Bill Clinton is among the voices in director John Scheinfeld’s doc, which also includes contributions from Cornel West, Carlos Santana, Wynton Marsalis and a handful of jazz musicians who knew and worked with Coltrane. Denzel Washington voices passages of the film as Coltrane himself.
Scheinfeld is clearly a fan, and “Chasing Trane” is a celebration of Coltrane’s life, with its ups and downs. It traces his rise through the Jim Crow South through his creative blossoming in Philadelphia through his time playing with Miles Davis, where he was a key player on “Kind of Blue.”
“Chasing Trane” also makes a side trip to Japan to visit with fans there, who speak of the importance of Trane’s 1966 visit to Tokyo.

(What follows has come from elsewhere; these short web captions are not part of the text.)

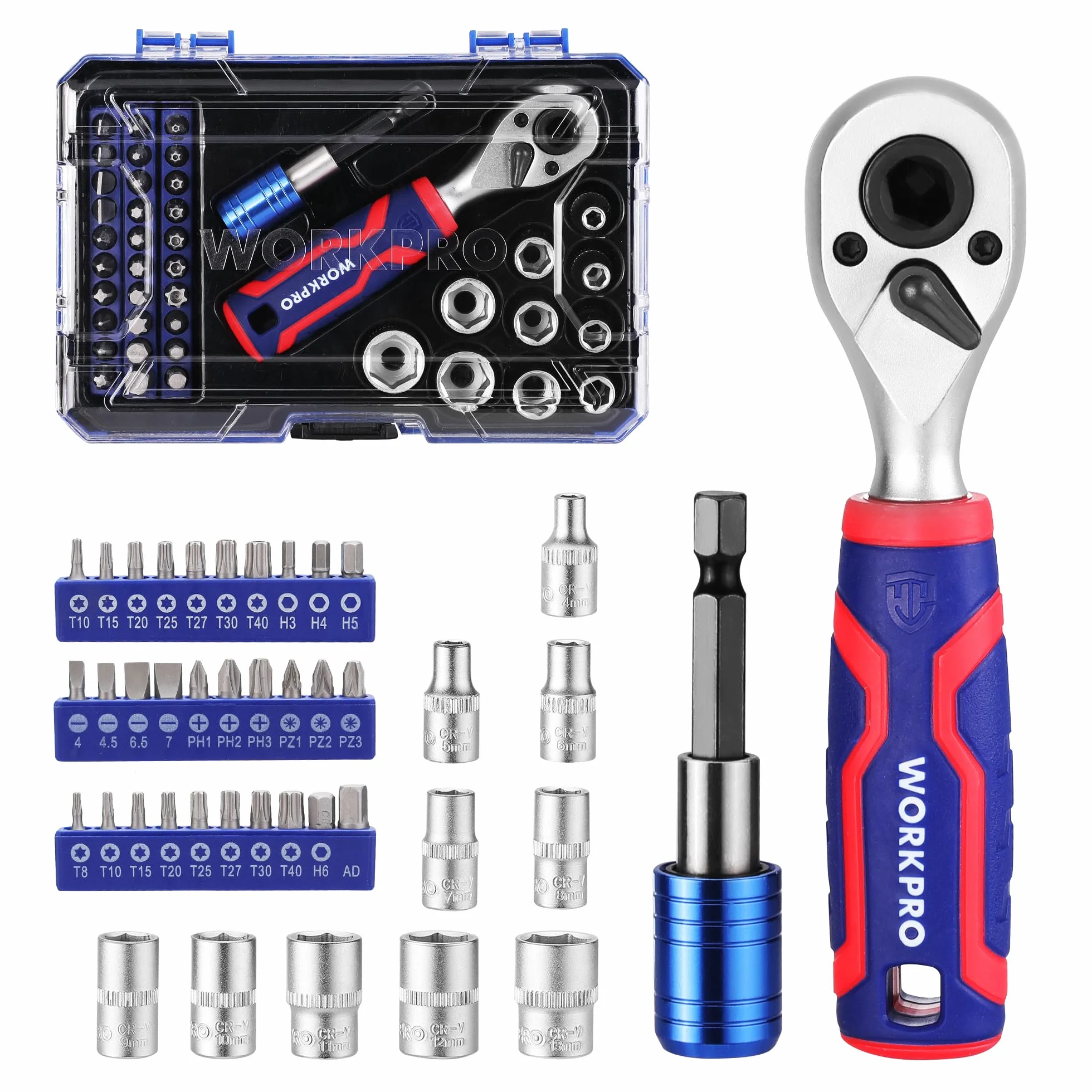 WORKPRO Coffret de Douilles et Embouts 42 Pièces, Mini Clés à Cliquet 1/4" Double Tête 2-en-1, Porte Embouts Magnétique, Outils de Réparation pour Vélos, Voitures et Maison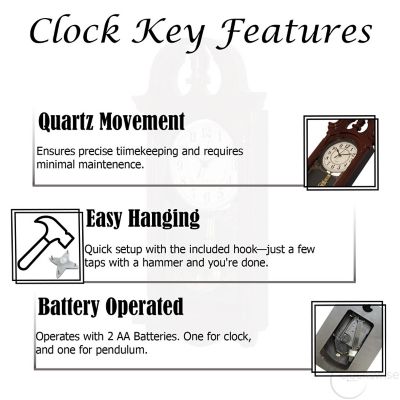 Clockswise 20" Vintage-Inspired Plastic Grandfather Wall Clock Image 3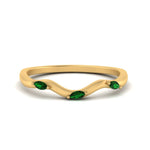 Load image into Gallery viewer, wave-design-marquise-diamond-women-wedding-band-with-emerald-in-yellow-gold-FD8300BGEMGR-NL-YG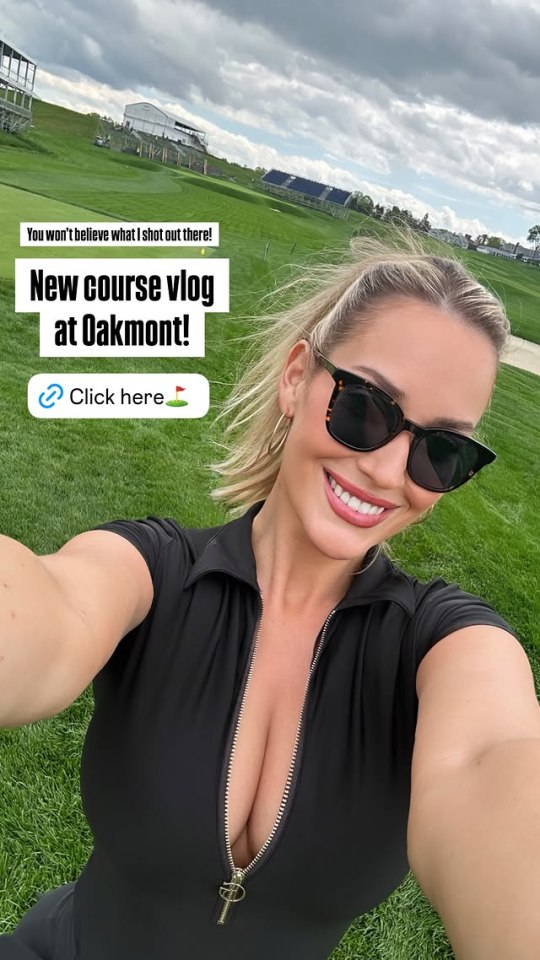 Paige Spiranac at Oakmont golf course promoting her new vlog.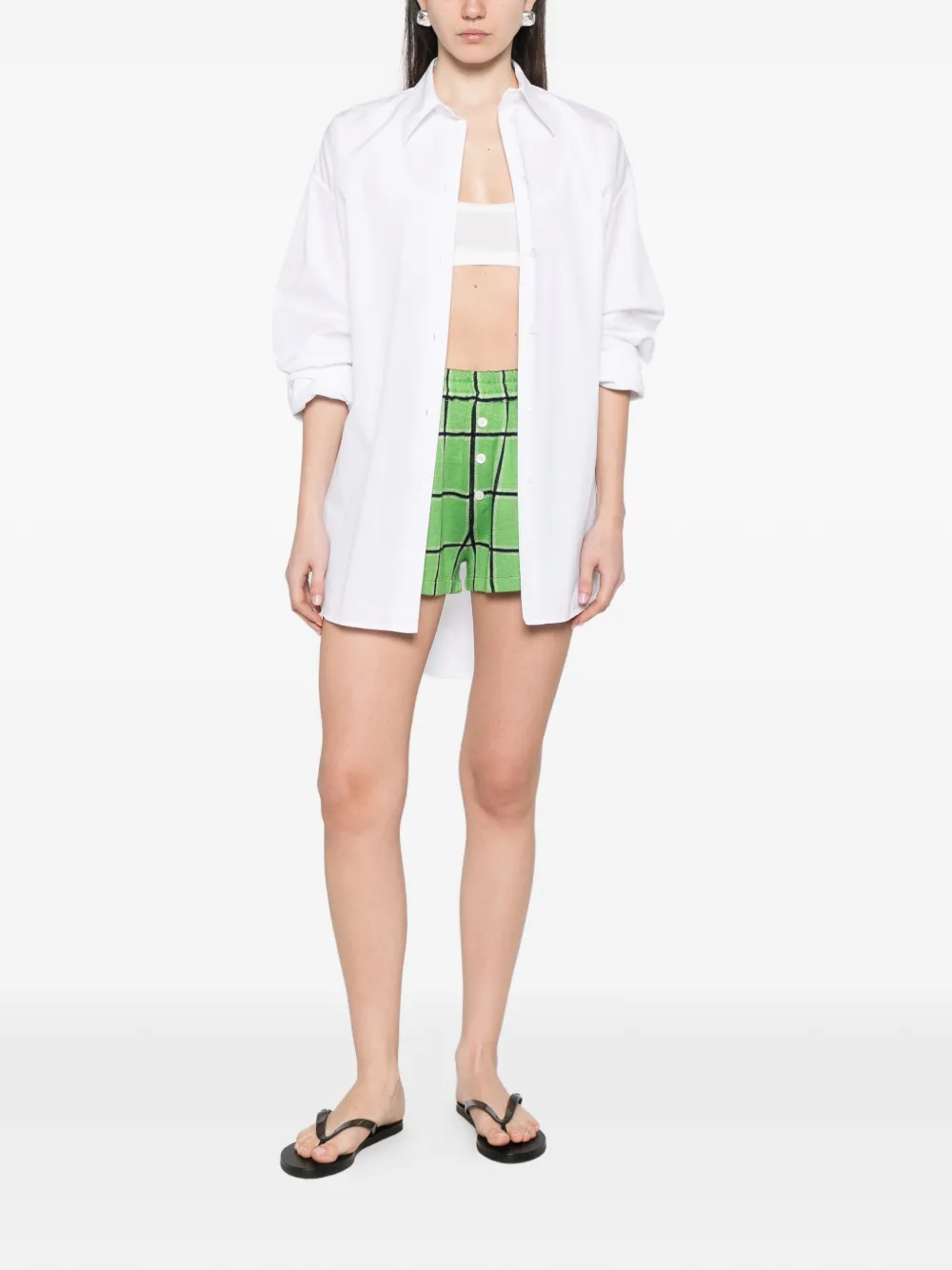  Guest In Residence Plaid Shorts - Green 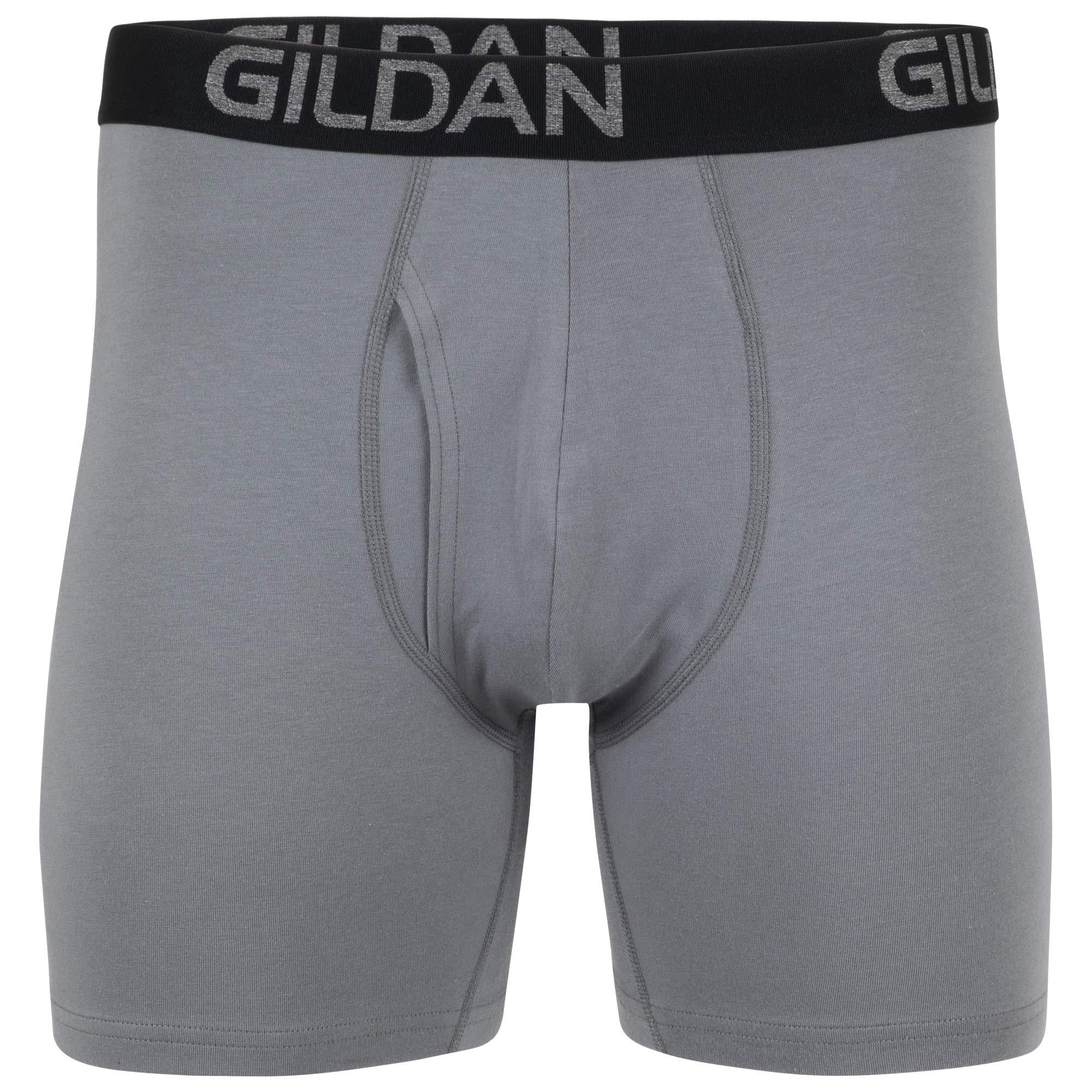 Gildan Gildan Men's Underwear Cotton Stretch Boxer Briefs, Multipack, Grey Flannel/Black Soot (5-Pack), Large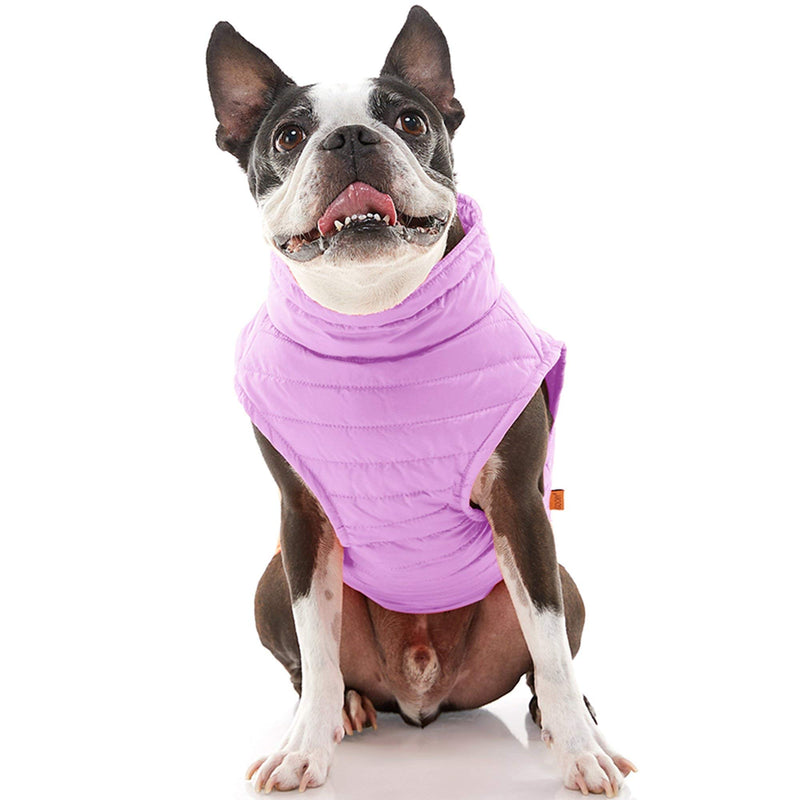 Gooby Puffer Vest Dog Jacket - Purple, Small - Ultra Thin Zip Up Wind Breaker with Dual D Ring Leash - Water Resistant Small Dog Sweater Coat - Dog Clothes for Small Dogs Boy or Medium Dogs Small chest (37 cm) - PawsPlanet Australia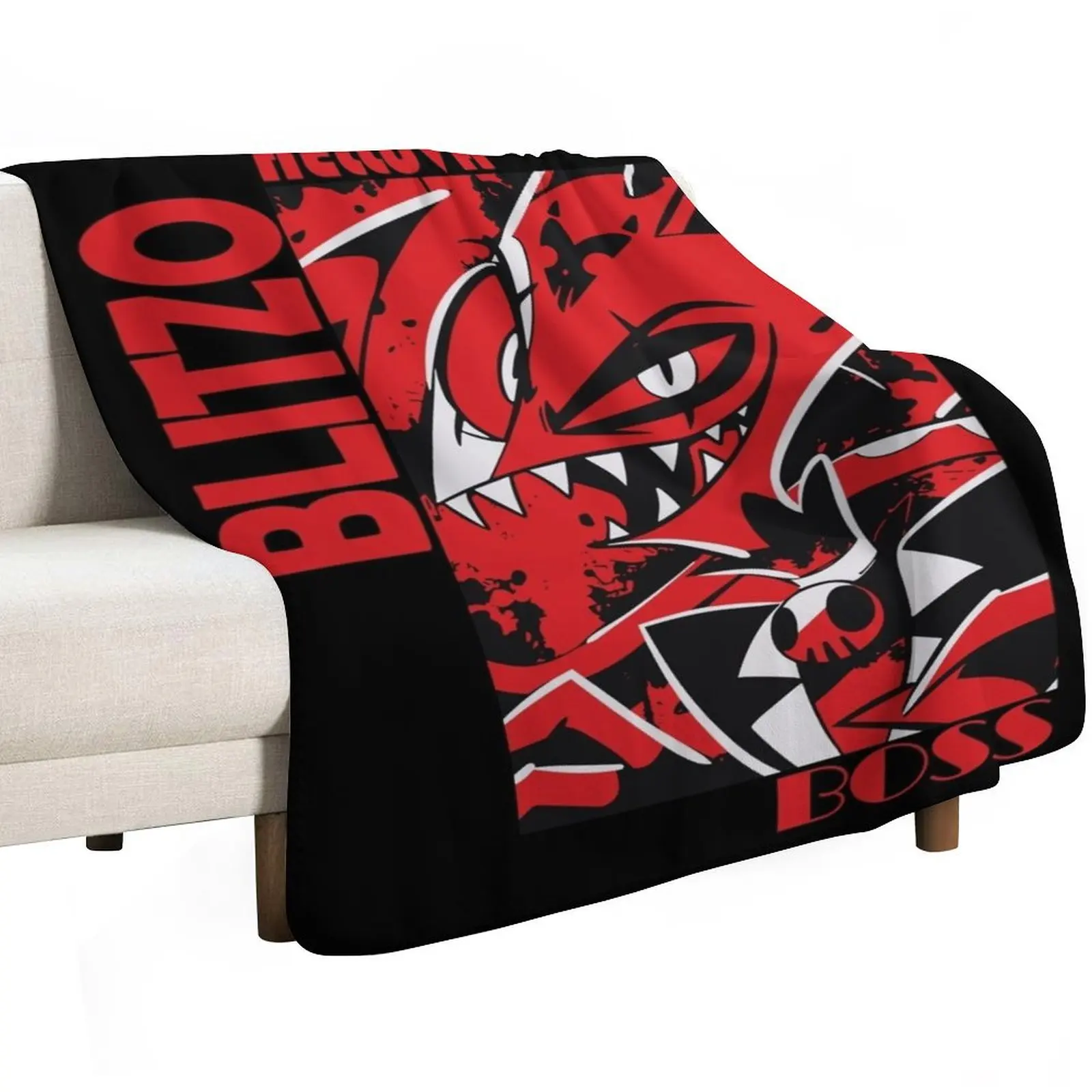 

Helluva Boss Blitzo Throw Blanket Custom Luxury Thicken Soft Hairy Blankets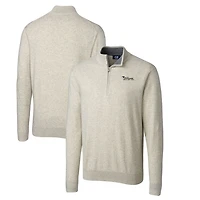 Men's Cutter & Buck Oatmeal New York Jets Throwback Logo Lakemont Tri-Blend Big Tall Quarter-Zip Pullover Sweater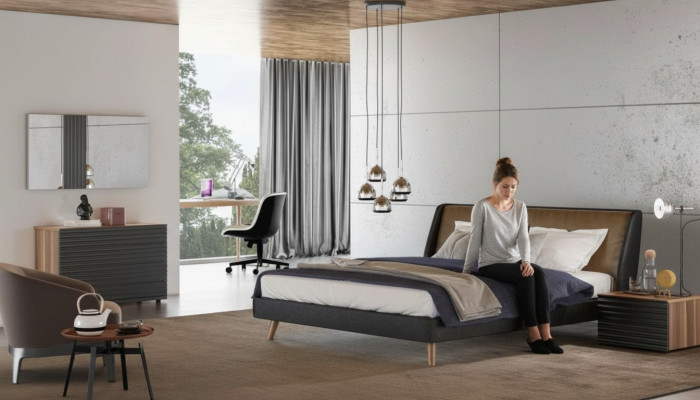 Ensemble de chambre cadre de lit Tables de chevet Commode Miroir meubles en bois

The voices in the film occasionally lapse into the kind of hippy-dippy jazz speak that could make casual viewers or those who don’t “get” jazz roll their eyes; Santana at one point remarks that when he played, Coltrane “rearranged molecular structure.” That’s a lot to take on, and it’s difficult to pinpoint what that even means.
But like Coltrane’s music, the sheer brilliance of his musicianship cuts through the clutter.
Simplifying himself, at one point Santana remarks, “He played life.” So does “Chasing Trane.”